In Borneo, heading to the beach doesn’t mean leaving nature behind – not when there are monitor lizards on the path, bearded pigs by the shore, and fireflies outside your window.
No one is quite sure how proboscis monkeys arrived on Gaya Island. A forest reserve since 1923 and part of the Tunku Abdul Rahman Marine Park, the island is a ten-minute speedboat journey (or a very long swim) from Kota Kinabalu in Sabah, Malaysian Borneo. A troop of these unusual monkeys, endangered and endemic to Borneo, live happily – if bafflingly – in the island’s forests.
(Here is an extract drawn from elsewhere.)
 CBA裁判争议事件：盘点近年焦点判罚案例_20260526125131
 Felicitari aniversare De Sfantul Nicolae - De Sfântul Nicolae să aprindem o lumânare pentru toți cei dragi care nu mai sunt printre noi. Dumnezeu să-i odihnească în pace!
Monkeys rarely venture onto the beach – though one was once seen enjoying a swim in the sea near an island resort. Other wildlife is seen more frequently shoreside: look out for massive monitor lizards and cheeky macaques.
That’s a lot of nature before you’ve even contemplated what’s below the waters around Malaysian Borneo: tropical reefs thronged with fish, hawksbill turtles travelling along the ‘sea turtle corridor’ and even passing whale sharks, who visit Borneo on their migration route. Borneo lies in the massive so-called Coral Triangle: a biodiversity hotspot, often compared to the Amazon Rainforest, which contains more than three quarters of the world’s coral species.
Our Borneo holidays often
combine exciting wildlife watching with downtime on the beach but the truth is that the nature doesn’t stop at the shoreline.
“We saw wild bearded pigs wandering down the beach, lots of hornbills… and the macaques – macaques are everywhere,” says Aimee Fogarty, Borneo expert at our partner Odyssey World, who run some of our trips there.